GETTING BACK UP: By contrast, the figure skating team of Sandra Bezic and Scott Hamilton was at its finest with the performance of American figure skater Jeremy Abbott. He took a hard fall on his hip and looked like he'd have to be helped off the ice when, almost miraculously, he got up and finished his routine. Hamilton, as is his signature, felt as if he were on the ice with Abbott and feeling his pain. Both he and Bezic properly and enthusiastically hailed Abbott's guts. Just as nice, the microphone caught Abbott's quiet aside, "Well, that really hurt," as he was coming off the ice.
UNIFORM CHANGE: NBC's Steve Sands had an interesting story about the United States' struggling speedskating team making an adjustment to the back of their uniforms, presumably to gain an aerodynamic edge. Then he made a reference to the Dutch press "trying to make something of it." That just raised questions that Sands frustratingly left unanswered: Was there an implication the Americans were cheating somehow? Or were they just being mocked?
UNIFORM SAG: Swedish freestyle skier Henrik Harlaut nearly left his baggy pants on the course. NBC analyst Luke Van Valin took note with a humorous jab about seeking sponsors for his undergarments.

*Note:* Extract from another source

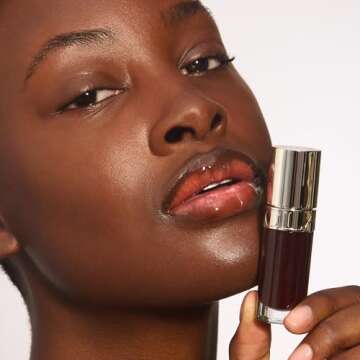 Clarins Lip Comfort Oil | Soothes, Comforts, Hydrates and Protects Lips | Sheer, High Shine Finish | Visibly Plumps | 93% Natural Ingredients | Organic Sweetbriar Rose Oil, Rich in Omega-6 and Omega-3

MEDAL CEREMONY: It took a sweep of the three medals in men's freestyle skiing to remind us of something missing from NBC's broadcasts. As Thursday's prime-time show ended, the network played the event's medal ceremony as three American flags rose and the national anthem played. That's always been a nice Olympics tradition and it's a shame it is seen so infrequently now.
TWEET OF THE NIGHT: "Why has NBC not aired any of the medals ceremonies? I want to see grown men cry."